Late 1963 was a time far removed from what we know today. On one hand it was a more innocent time. On the other, it was a time of extreme worry about being annihilated from some leader having one vodka too many. On this date in 1963 I was a third grader. Little did I know how different my life would be over the coming three days and the following year. Our school consisted of 7 classrooms and a couple janitor closets used as the offices, carved out of a very old junior high school. A musty monument of steel, asbestos floor tiles, and granite; to the turn of the century. It was somewhere around 2 pm EST when the intercom came on. Yes this sounded just like the intercom in Peanuts. To this day I think the teachers and administration speak code. Much like the Apache and Sioux Nations code talkers from WWII. It sounds muffled to kids but the teachers know what is being said. Our teacher left the room, returning visibly shaken.

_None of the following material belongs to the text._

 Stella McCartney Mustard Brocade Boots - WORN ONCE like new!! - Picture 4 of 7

We were told to leave the room. Now usually when it was an emergency test, a siren would ring then we would go to the mezzanine level overlooking the gym We would bend over, stick our head in our ass, and hope we did not see a bright flash of light or an earth shattering kaboom. No, this time we went into the commons area. Where a TV set was set up. This was a 19inch black and white TV. Television in 1963 was not what it is today, at best it would be considered a toddler. There were no 24 hour news channels; it would be almost 20 years before the boom in cable TV. There was no streaming live video, Al Gore had not invented the internet yet (that’s a joke son, a joke). In our town of 75,000 people we had one TV station. It was a NBC affiliate so every night we watch Chet Huntley and David Brinkley give the news (usually smoking as they did) for all of 15 minutes. That and the Today Show was all the news NBC had at the time. If TV was a toddler then TV news was an infant.

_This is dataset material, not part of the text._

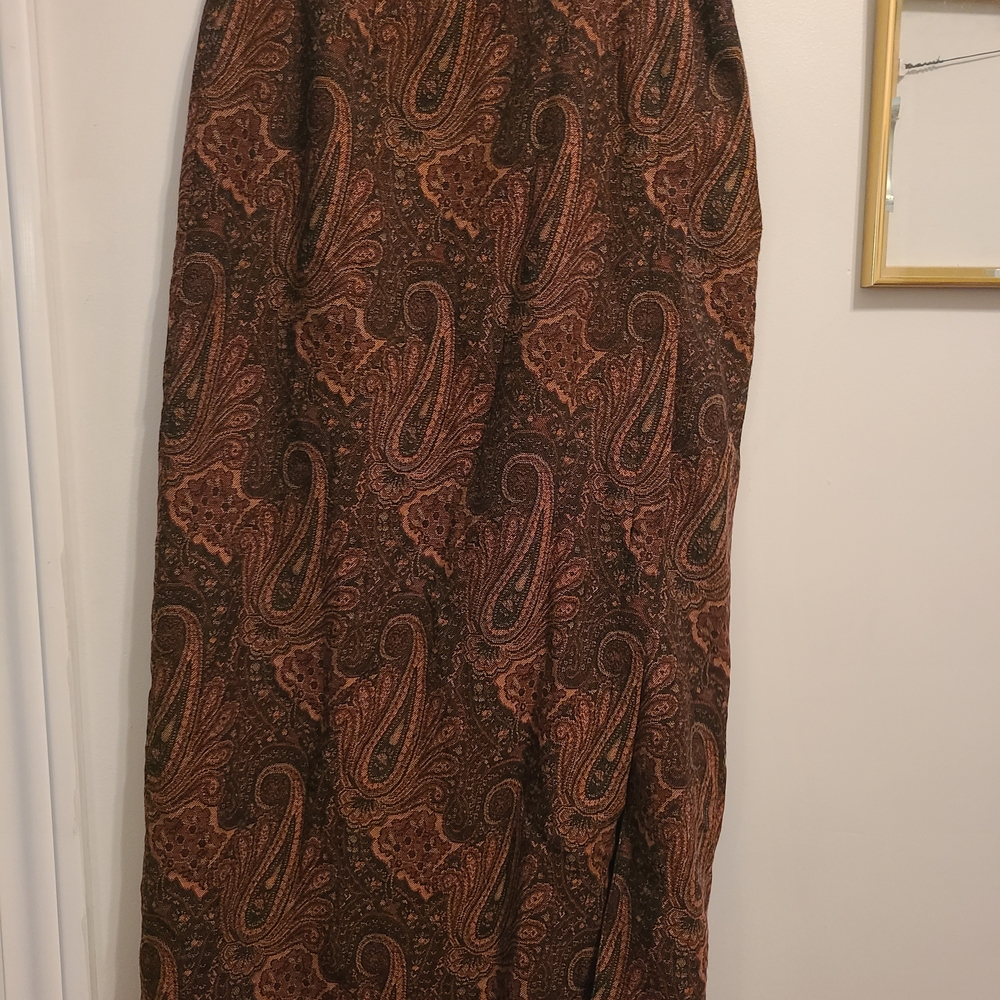 Paisley Patterned Brown Skirt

So we sat there, cross legged on the floor, wondering what was going on. A couple teachers were sobbing. Except for that, it was an eerie silence. There was no sound coming from the Jr High areas. No class change bells were ringing. The Principal turned the TV on. After a short period time a talking head came on. To this day I don’t know who it was. But they were confirming that “…at approximately 12:30 pm CST today, President Kennedy was shot in Dallas.” I was only 9 years old at the time with no idea the impact this would have over the rest of my life. But I knew this was a horrible event. The rest of the time sitting on floor is a haze. Various people on TV blabbing away. The reported chaos as the reporters scrambled to get information. Remote live TV reporting was pretty much a newborn.

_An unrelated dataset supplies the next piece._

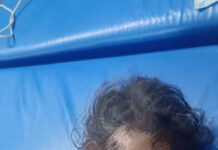 చీరాలలో విషాదం: ఆటో ఢీకొని 18 నెలల చిన్నారి మృతి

We sat there waiting for our buses. Yes I was bussed to a school for segregation purposes. You couldn’t have maybe 35 white kids going to an all-black school, even in Northwest Ohio, in 1963. The neighborhood kids were released early. But our bus driver, a hellfire and brimstone Baptist preacher, was also in the Guard. So he went to the Armory. With the school bus. So we sat. Watching the reports on TV. Some conflicting. Some flat out wrong. Our Principal told us they were trying to reach our parents to see if someone could pick us up. Again 1963. Most of us who had phones were on party lines. I got to sit cross legged on the floor, waiting for someone to get me, when it was announced that the acting press secretary would make an announcement. That announcement was John F. Kennedy, 35th President of the United States, was dead.